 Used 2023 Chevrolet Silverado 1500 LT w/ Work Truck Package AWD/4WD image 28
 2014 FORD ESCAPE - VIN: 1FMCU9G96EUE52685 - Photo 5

---

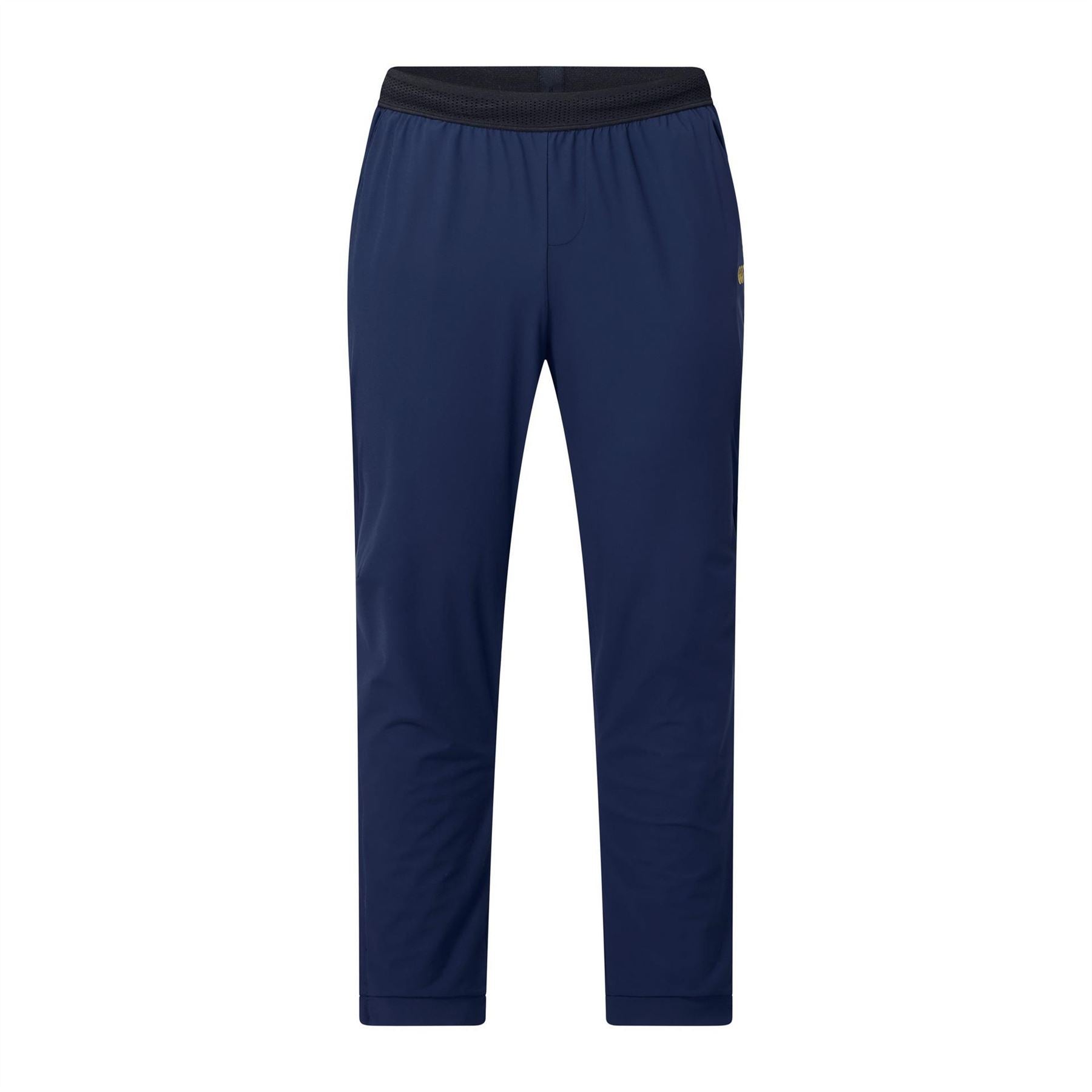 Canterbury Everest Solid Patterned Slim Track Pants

Required work:
Of the entries above, transcribe exactly those lines that fall between the line containing "Used 2023 Chevrolet" and the line containing "2014 FORD ESCAPE", together with those two lines.

Task solution:
 Used 2023 Chevrolet Silverado 1500 LT w/ Work Truck Package AWD/4WD image 28
 2014 FORD ESCAPE - VIN: 1FMCU9G96EUE52685 - Photo 5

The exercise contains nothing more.